● STUDY MATERIAL:
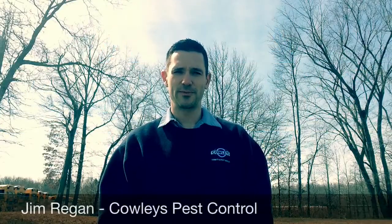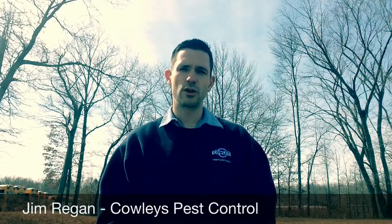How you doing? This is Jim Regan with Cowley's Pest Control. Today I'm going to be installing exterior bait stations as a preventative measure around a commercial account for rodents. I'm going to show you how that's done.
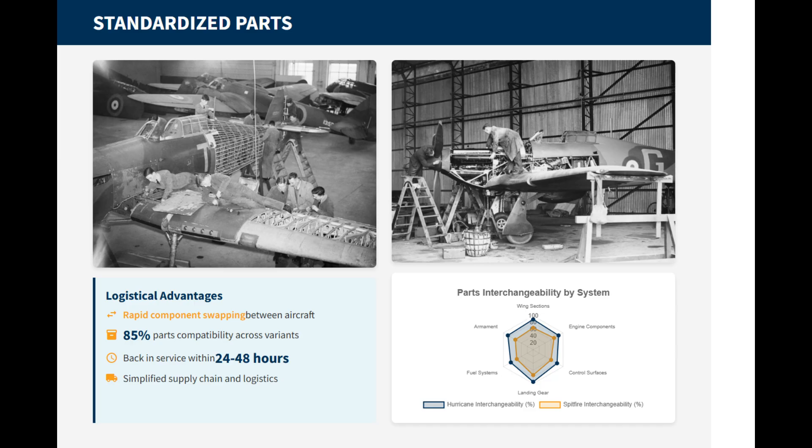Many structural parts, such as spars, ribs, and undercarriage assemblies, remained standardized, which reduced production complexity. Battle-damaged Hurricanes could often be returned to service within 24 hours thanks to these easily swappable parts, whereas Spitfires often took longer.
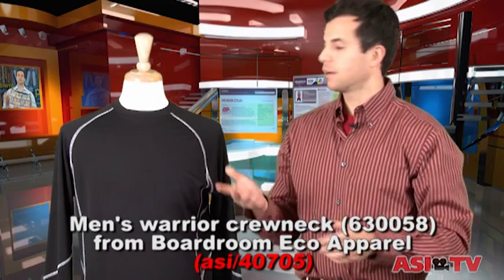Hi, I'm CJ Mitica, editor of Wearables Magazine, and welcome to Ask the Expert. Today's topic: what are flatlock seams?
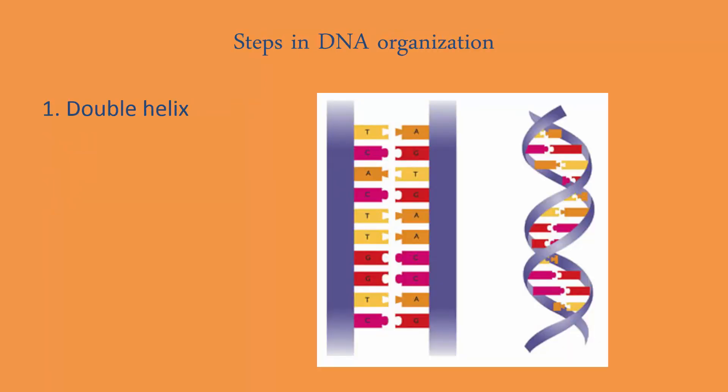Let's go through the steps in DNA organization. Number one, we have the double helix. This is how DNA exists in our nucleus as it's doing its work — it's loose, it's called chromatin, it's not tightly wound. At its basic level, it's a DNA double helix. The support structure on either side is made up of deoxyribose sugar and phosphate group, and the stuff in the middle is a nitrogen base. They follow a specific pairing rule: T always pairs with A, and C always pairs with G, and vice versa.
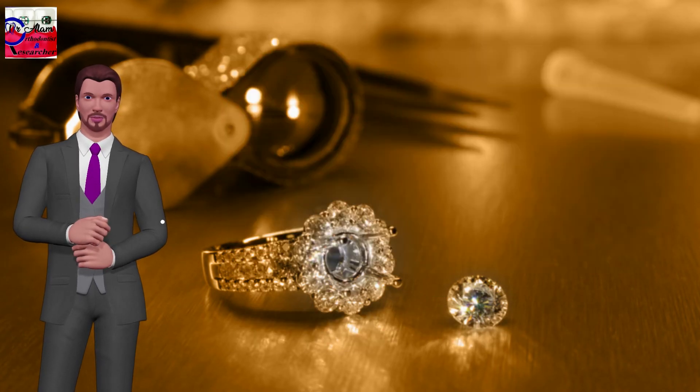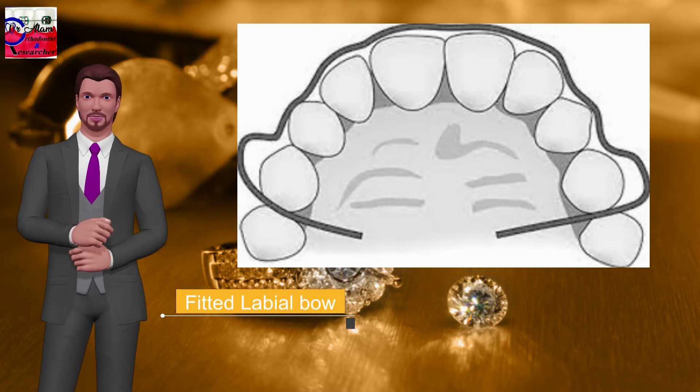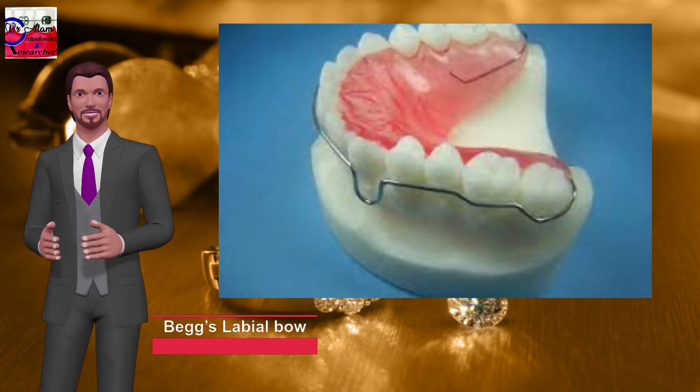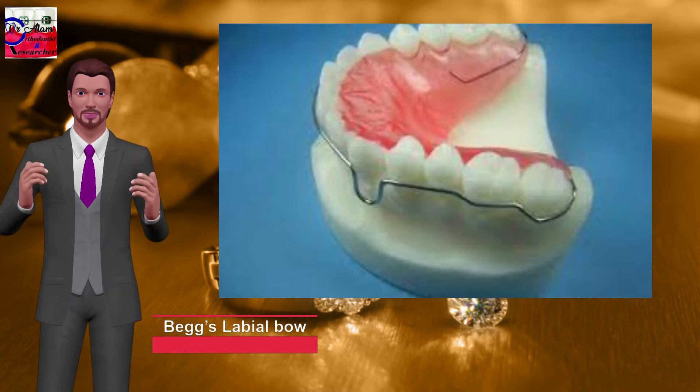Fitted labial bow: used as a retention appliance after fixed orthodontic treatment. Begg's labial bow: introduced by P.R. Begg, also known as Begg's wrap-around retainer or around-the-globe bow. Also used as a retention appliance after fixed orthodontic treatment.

==

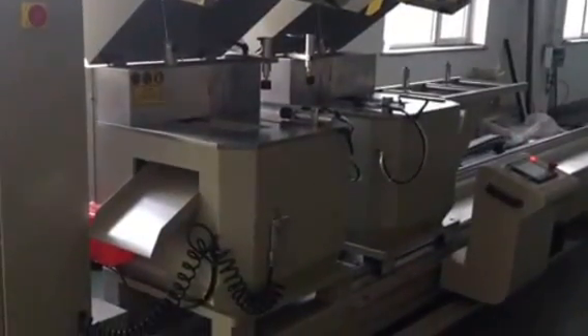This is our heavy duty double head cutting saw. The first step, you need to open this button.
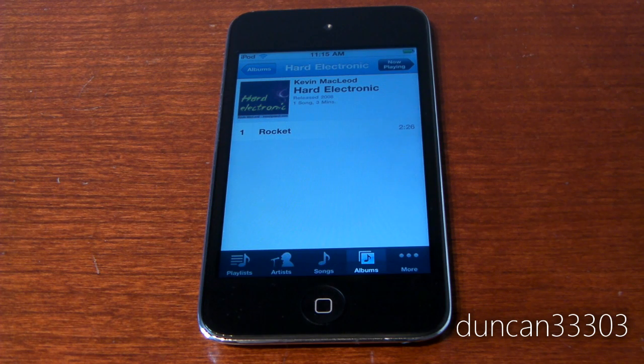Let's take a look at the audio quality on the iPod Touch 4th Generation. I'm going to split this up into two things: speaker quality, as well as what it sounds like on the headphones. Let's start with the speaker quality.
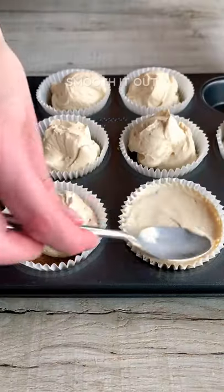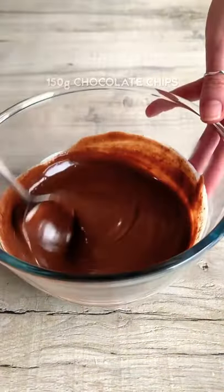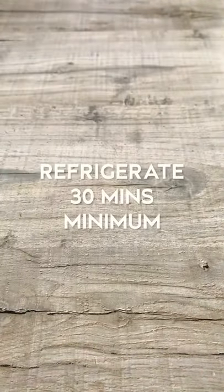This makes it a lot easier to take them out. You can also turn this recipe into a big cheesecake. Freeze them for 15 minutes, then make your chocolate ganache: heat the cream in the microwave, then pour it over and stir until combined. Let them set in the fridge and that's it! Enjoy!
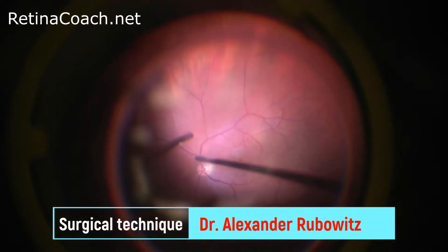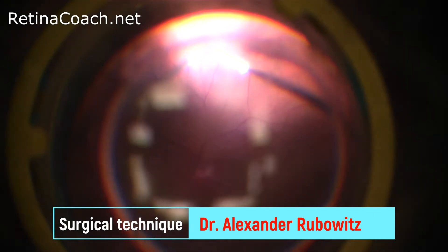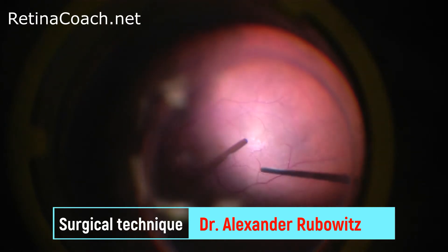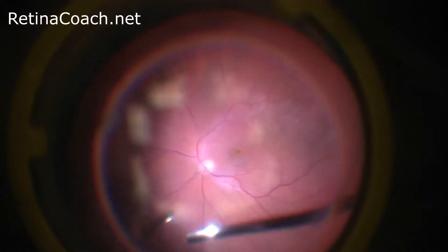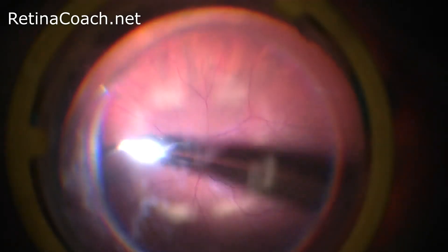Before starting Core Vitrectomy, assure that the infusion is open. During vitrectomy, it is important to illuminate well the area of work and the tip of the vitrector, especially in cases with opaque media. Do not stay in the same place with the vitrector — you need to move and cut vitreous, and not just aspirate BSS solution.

---

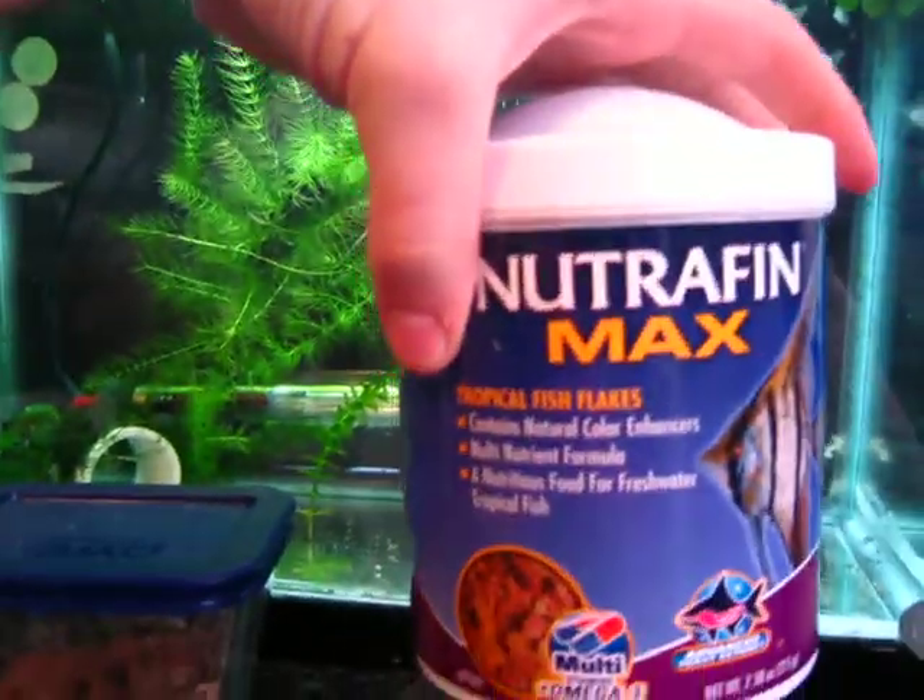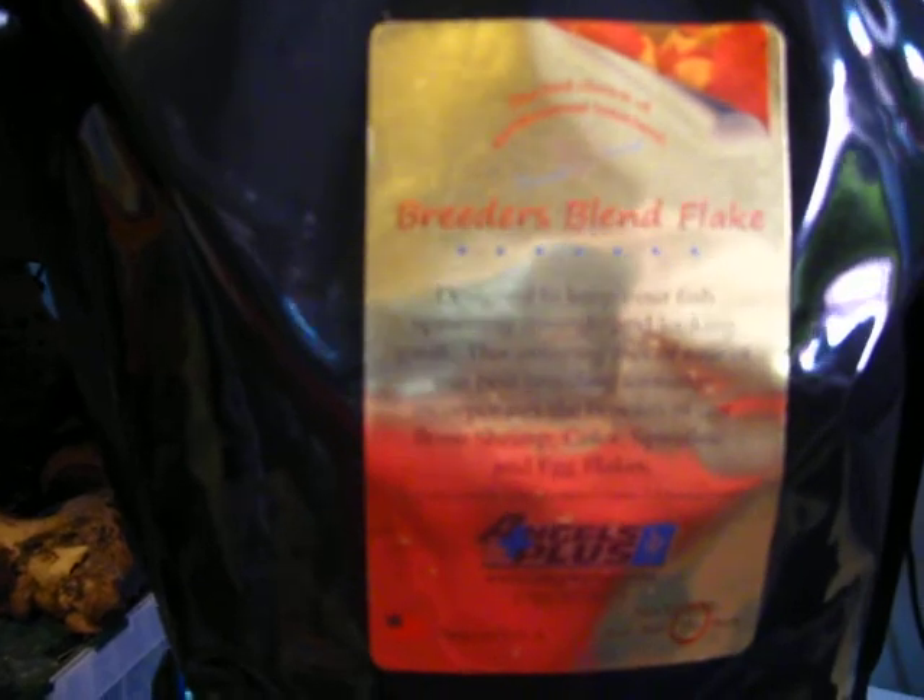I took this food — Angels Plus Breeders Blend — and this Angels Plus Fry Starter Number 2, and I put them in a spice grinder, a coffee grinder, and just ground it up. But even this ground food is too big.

● PROBLEM DETAILS: From the records above, write out exactly the lines that begin at the line with "This is our" and end at the line with "This makes it". Pictures must not appear in the output.

● WRITTEN RESPONSE:
This is our heavy duty double head cutting saw. The first step, you need to open this button.
Let's take a look at the audio quality on the iPod Touch 4th Generation. I'm going to split this up into two things: speaker quality, as well as what it sounds like on the headphones. Let's start with the speaker quality.
This makes it a lot easier to take them out. You can also turn this recipe into a big cheesecake. Freeze them for 15 minutes, then make your chocolate ganache: heat the cream in the microwave, then pour it over and stir until combined. Let them set in the fridge and that's it! Enjoy!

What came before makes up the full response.